2. Place ingredients for the rub in a Motor & Pestle and grind together until it forms a thick paste.
3. Use your hands to loosen the skin around the breast of the chicken. You should be able to slide your fingers under the skin and across each breast, but be careful not to tear the skin. Do the same around the thighs and into the legs.
4. Using your hands, take about a ¼ of the prepared rub and slide under the skin of one of the breasts. Message the rub into the meat and distribute evenly under the skin. Repeat this process with the other breast and the two thighs.
5. Place the half lemon and Rosemary sprigs in the inner cavity of the chick.

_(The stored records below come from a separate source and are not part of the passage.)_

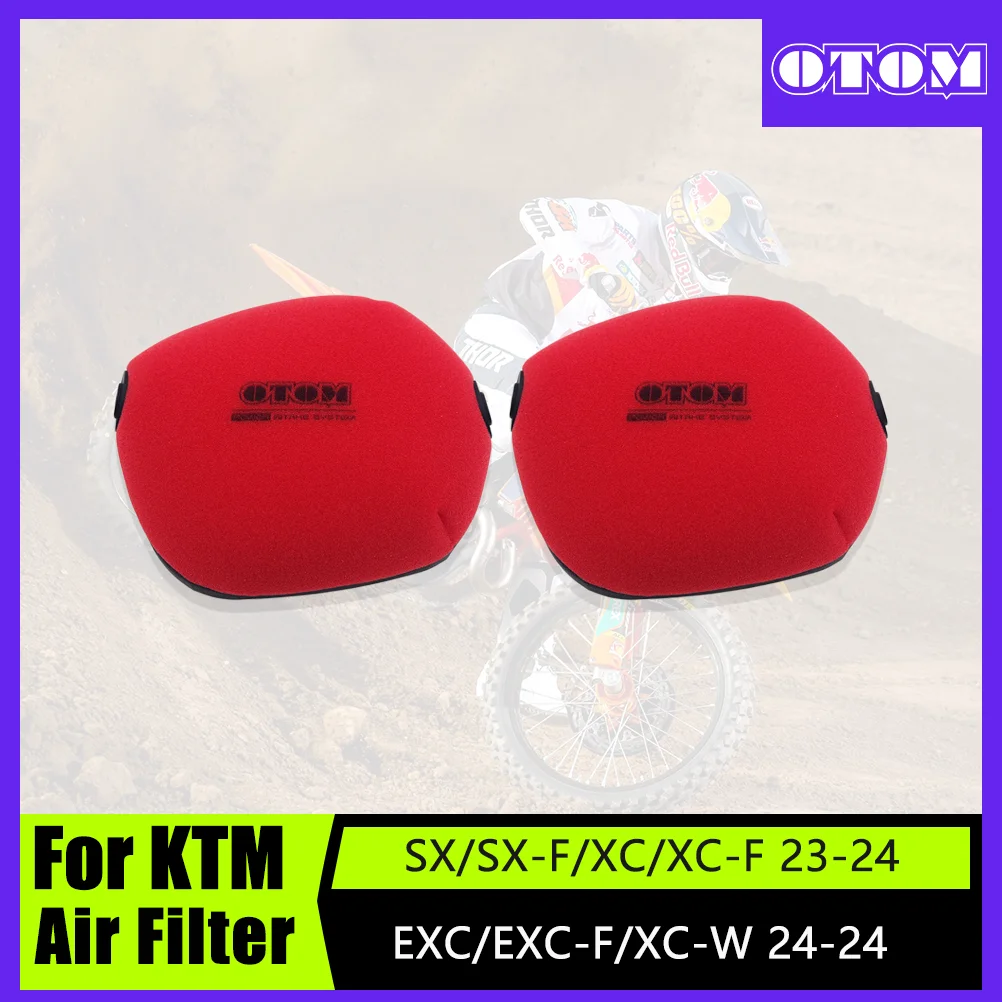 Motorcycle Air Filter OTOM Motorcycle Air Filter Cleaner Sponge Element Dual Foam Layer For KTM HUSQVARNA GASGAS SXF XCF XCW EXCF FE TE TC EC MC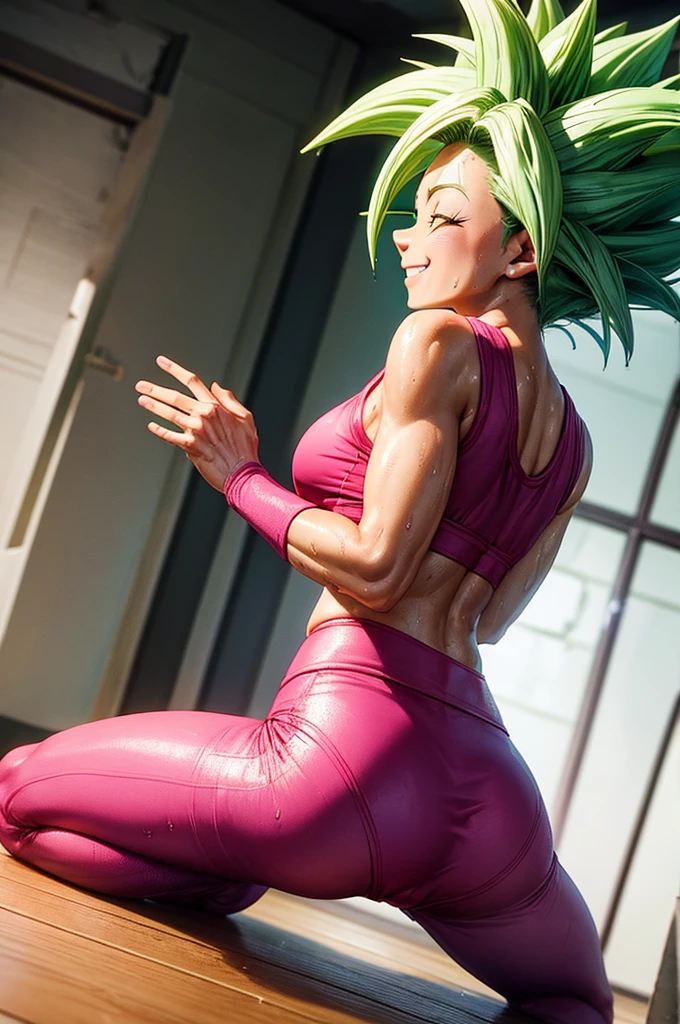 Kefla smiling, crouched, back view from the floor up, sweating and all wet and wet in very tight pink yoga clothes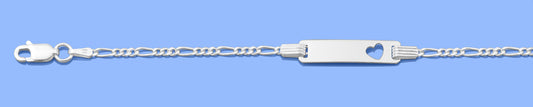 Silver Childrens ID Bracelet - Heart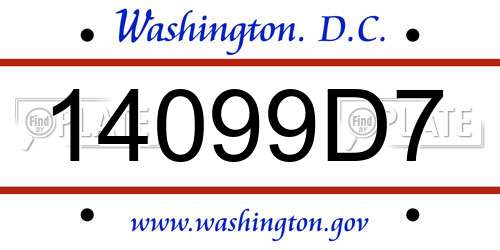 14099D7 District Of Columbia License Plate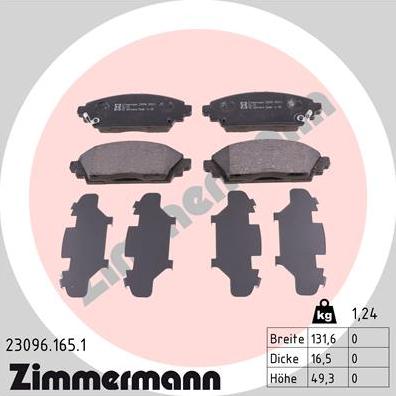 Zimmermann 23096.165.1 - Komplet Pločica, disk-kočnica www.molydon.hr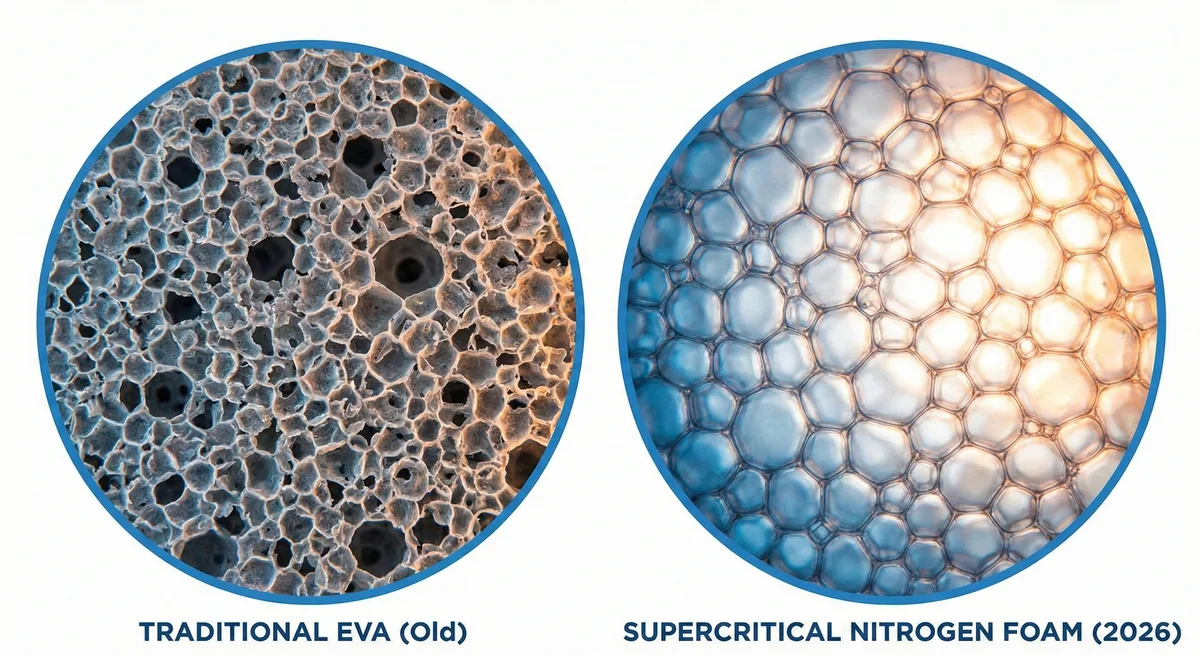 전통 EVA 폼 vs 초임계 질소 폼(2026) 미세구조 비교: 불균일한 기포에서 균일하고 미세한 기포로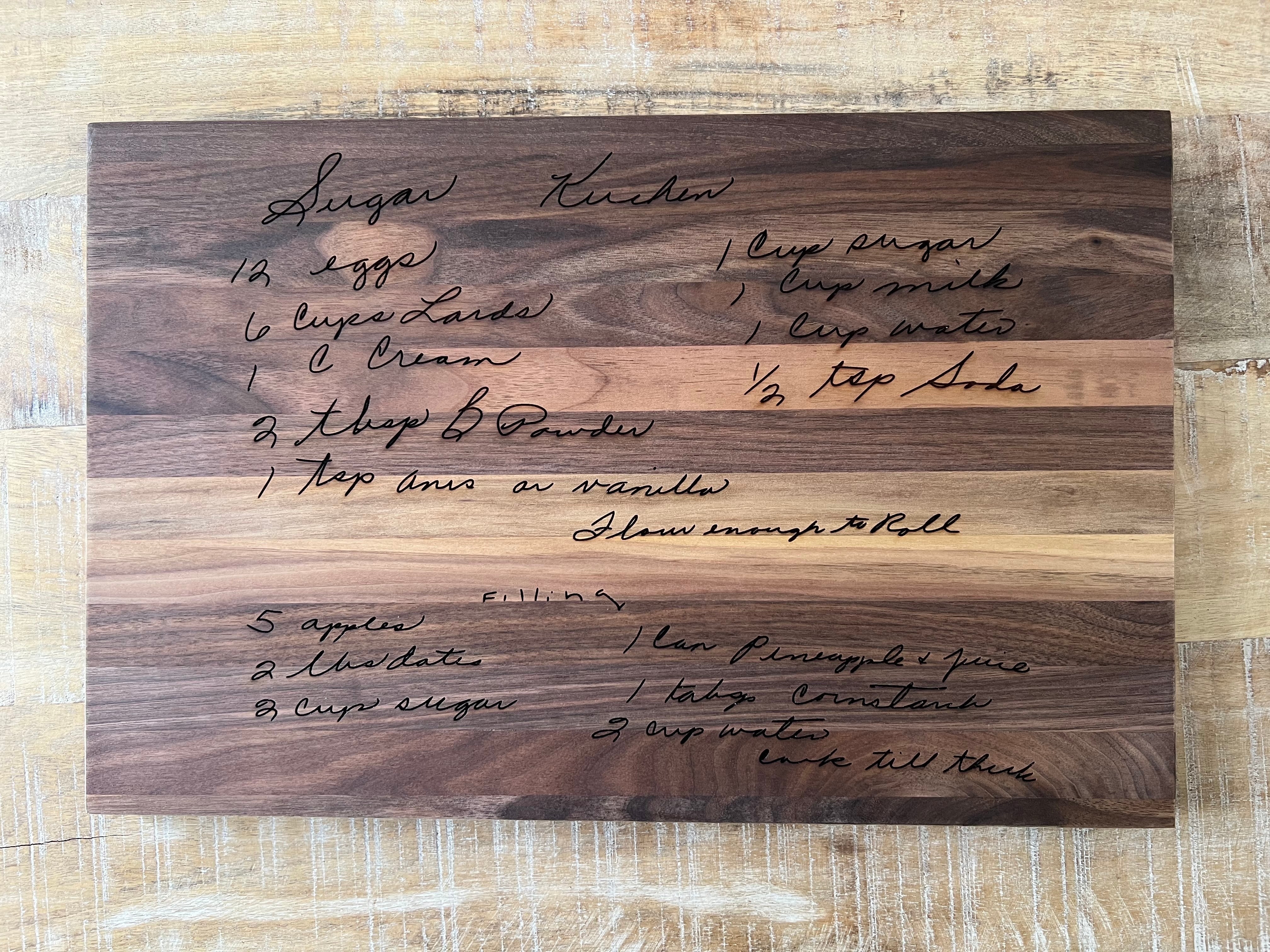 Personalized Challah Board- Family Recipe or Custom Text- Walnut - Peace Love Light Shop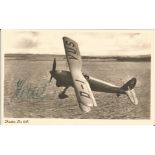 WW2 German Field Marshall Keitel signed 6 x 4 inch b/w photo of Biplane in flight. Good Condition.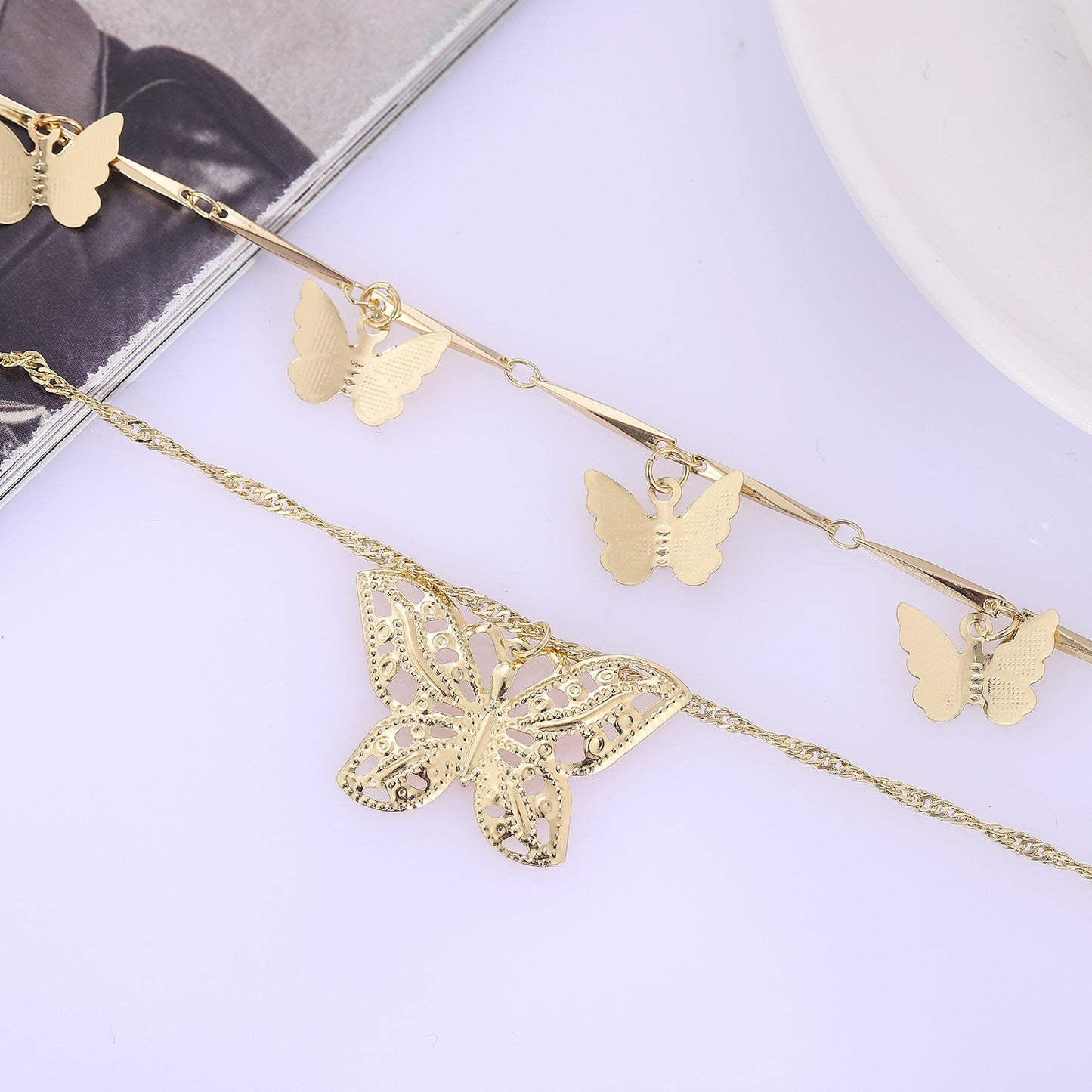 Simple Butterfly Layered Choker Necklace for Women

6. With a sharp knife, cut the wings from the chicken at the joint closest to the body. If you don’t do this, they will overcook. Wings serve a better purpose in the roasting pan where they will lend more flavor to the sauce.
7. Using butcher twine, tie the two drumsticks together so that they form a closure over the chicken’s inner cavity.
8. Rub the chicken down with canola oil and generously season the skin with salt and pepper.
9. Place the chicken on a roasting rack over some rough-cut vegetables (carrots, onions, celery, and garlic work great, and don’t forget those wings.)
10. If you have an instant read thermometer (which you really should), insert it into the thickest part of the breast, but be very careful not touch any bone with the thermometer.
11. Place the bird in the oven and forget about it for at least an hour. After an hour, check on it. What you’re looking for is to make sure that the skin is not browning too deeply. Once you feel that the skin is dark enough, cover the top of the bird (not the entire roasting pan) with a small sheet of aluminum foil and reduce the oven heat to 375.
12. When your instant read thermometer reads 155 degrees (it took about 2 ¼ hours for mine), pull the bird from the oven (leave the thermometer in the roast), take it out of the roasting pan and place it on a surface in your kitchen covered in aluminum foil. Don’t worry; the roast will achieve 165 degrees while resting on the countertop.
Note: this roast does not require a sauce. If cooked to perfection it will be juicy enough and tasty enough that the sauce may dull the well defined flavors but it certainly can’t hurt to have, just in case. Not to mention, it can always be used to dress a side dish, like mashed potatoes for a real family style meal.
11. To make a sauce, hold the roasting pan at an angle to allow any excess fat to collect at one side. You do not need to remove all the fat, but remove any excess with a spoon. Now place the roasting pan over the burners of your stovetop and set the burners to medium heat. Pour the wine into the pan and use a spoon to scrape the bottom of the pan as the wine cooks down. Next add the chicken stock and continue to cook until a sauce begins to form. Season lightly and taste. You’ll probably find the acidity to be a little high but the butter in the next step will help even that out.
12. Pour the contents of the roasting pan through a strainer and into a bowl to collect the vegetables and any solids. The solids can be thrown away at this time. Add the two tbls butter to the jus and stir to bring it together. Taste and season again if necessary.
13. Slice your chicken onto warmed plates, dress it with the sauce if desired and serve.